根据几个条件更改变量的优雅方法？

Question

我正在尝试根据多个条件更改变量“曝光”。

例如：如果stimulus_content是“neg”，如果condition是“neg”，如果set是“A”，那么变量“exposure”的内容应该改为“ long" 用于stimulus_no 为 X1、X2、... 或 X5 的行。对于stimulus_no 为X6、X7、...或X10的行，变量“exposure”应更改为“short”。依此类推...

我希望下面的代码能让问题更清楚。

首先，这是大概的数据集：

n <- 6
dataset <- data.frame(
participant = rep(1:n, each=40),
condition = rep(c("pos","neg"), each=40),
set = rep(c("A","B"), each=40),
stimulus_content = rep(c("pos","neg"), each=2),
stimulus_no = rep(c("X1","X10","X11","X12","X13","X14","X15","X16","X17","X18","X19","X2","X20","X3","X4","X5","X6","X7","X8","X9"), each=2),
exposure = NA)

我们尝试的第一件事是通过循环。为简单起见，仅包含循环的一部分。它不返回错误，但也不执行任何操作。

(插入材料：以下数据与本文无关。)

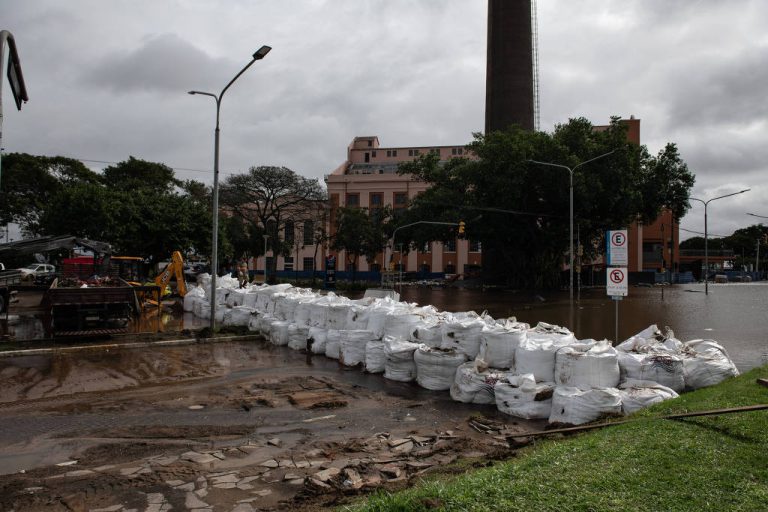 Porto Alegre pode ficar inundada por 1 mês, afirmam especialistas
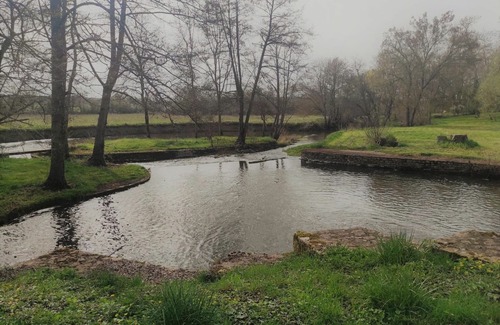 Mareuil-sur-Arnon Cottage | Charming Riverside Cottage with Private Grounds, Fishing, Pet-Friendly, WiFi, and Parking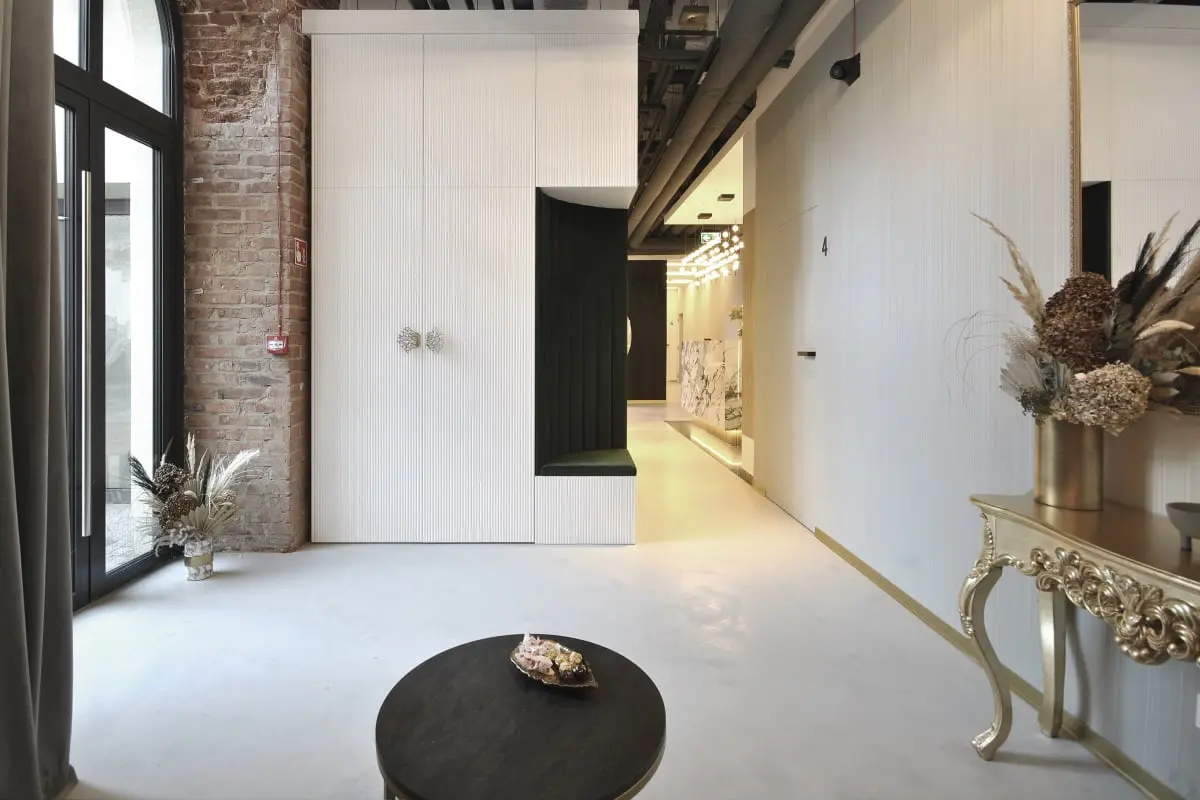 Projekt: Piotr Stolarek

for (i in 1:length(longdat[,1])){
  if(longdat[i,"stimulus_content"] == "pos") { 
    if(longdat[i,"condition"] == "pos") {
      if(longdat[i,"set"] == "A") {     
        for(stimulus_no in c("X1","X2","X3","X4","X5")){longdat[i,"exposure"] == "long"}
        for(stimulus_no in c("X6","X7","X8","X9","X10")){longdat[i,"exposure"] == "short"}
        for(stimulus_no in c("X11","X12","X13","X14","X15","X16","X17","X18","X19","X20")){longdat[i,"exposure"] == "none"}
      } else { #for condition = pos and set != A            
        for(stimulus_no in c("X11","X12","X13","X14","X15")){longdat[i,"exposure"] == "long"}
        for(stimulus_no in c("X16","X17","X18","X19","X20")){longdat[i,"exposure"] == "short"}
        for(stimulus_no in c("X1","X2","X3","X4","X5","X6","X7","X8","X9","X10")){longdat[i,"exposure"] == "none"}
      }
    }
  }
}

接下来，我们尝试通过 mutate 和 case_when。这段代码完全符合它的预期，但它几乎有 100 行长！请在下面找到摘录。

longdat2 <- longdat %>%
  mutate(exposure = case_when(
    # Condition pos, set A
    stimulus_no=="X1" & stimulus_content=="pos" & condition=="pos" & set=="A" ~ "long",
    stimulus_no=="X2" & stimulus_content=="pos" & condition=="pos" & set=="A" ~ "long",
    # ...
    stimulus_no=="X9" & stimulus_content=="pos" & condition=="pos" & set=="A" ~ "short",
    stimulus_no=="X10" & stimulus_content=="pos" & condition=="pos" & set=="A" ~ "short",
    stimulus_no=="X11" & stimulus_content=="pos" & condition=="pos" & set=="A" ~ "none",
    # ... accordingly for condition pos and set B, and for condition neg and set A
    # and eventually for condition neg and set B
    stimulus_no=="X18" & stimulus_content=="neg" & condition=="neg" & set=="B" ~ "short",
    stimulus_no=="X19" & stimulus_content=="neg" & condition=="neg" & set=="B" ~ "short",
    stimulus_no=="X20" & stimulus_content=="neg" & condition=="neg" & set=="B" ~ "short",
  )
)

如果有人设法发现循环中的错误或者可以告诉我第二个（或第一个）选项的更简洁版本，我将非常感激！

提前非常感谢！

Answer 1

1) grep 创建一个code，将要匹配的列粘贴在一起，然后使用正则表达式匹配它们以获得简洁的表达式。不使用任何包。请注意，[^A] 将匹配任何不是 A 的单个字符。如果您只有 A 和 B，则可以使用 B 代替。 X1[1-5] 将匹配 X11, ..., X15。 X[6-9]|X10 将匹配 X6, ..., X10。 $ 匹配字符串的结尾。如果要保留 code 列，请省略 code <- NULL 行。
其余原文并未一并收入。